Assalamualaikum...
Salam Jumaat to all. Alhamdulilah it 10 Ramadhan already.
During Ramadhan, so many things happened to my life. Allah given me tests again.
Allahuakhbar!
Okey, by Wednesday, I got no sustenance. All my foods hampir basi. Terpaksa buang and makan apa yang ada.Luckily I had stock of chocolate in my fridge. It could chill up myself temporarily.
Then, by yesterday, another tests. Hmmmm....I took my strength in myself. Otherwise, I will die.
Lot of bad news I heard by yesterday.
So time, I wish, I not who I am now.
I wish I am the best in the world or at least, I just humble and fulltime housewife at home.

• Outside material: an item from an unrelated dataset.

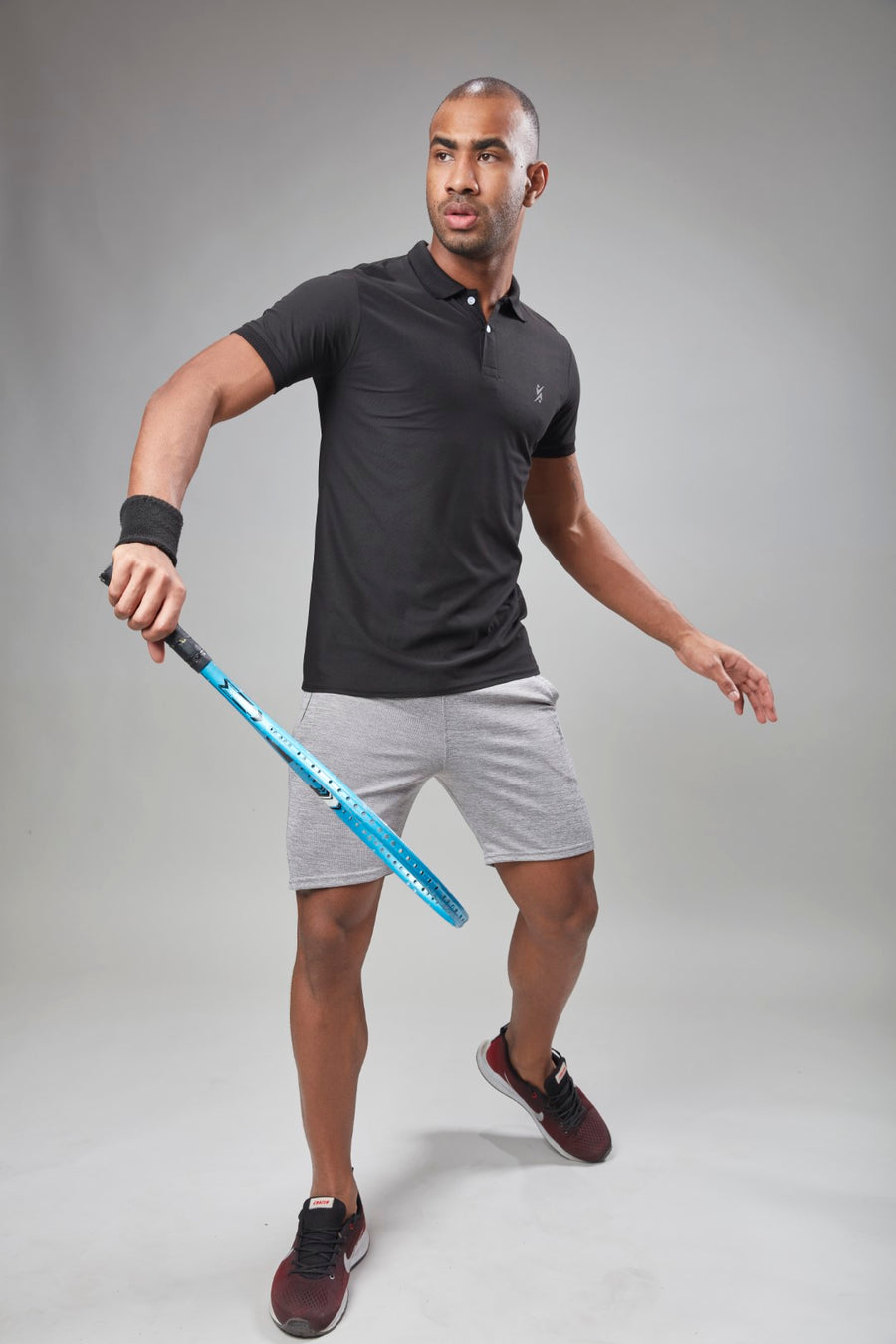 Men Slim Polo Neck T-shirt at Wholesale Price QR 11 Special Black | 4 Pcs Box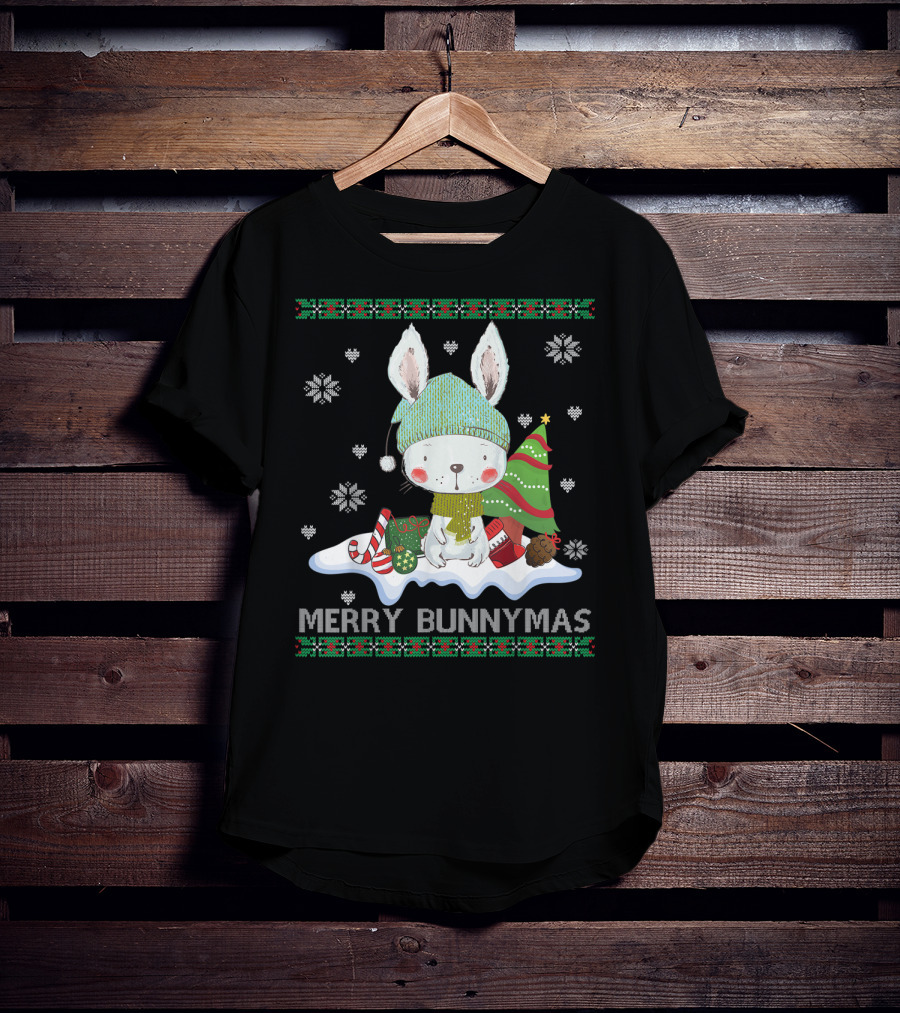 Merry Bunnymas Cute Bunny With Santa Hat And Christmas Tree T-Shirt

That better than I had to through all the pains and sadness.
Even though Emy had given me his shoulder to cry on, his hands to hold and ears to listen, I think this time I don't burden on him. It was true, I had shared little part of my problems, for the rest, keep my mouth shut.
I conceal lot of secrets from him. I mean for my true sadness, the root course caused me feel miserable.
People told me, " Ujian Allah hanya diberikan kepada mereka yang terpilih. Dan Allah tidak akan membebankan hambaNYA dengan sesuatu luar keupayaan seorang hamba. Jadi bersabarlah.."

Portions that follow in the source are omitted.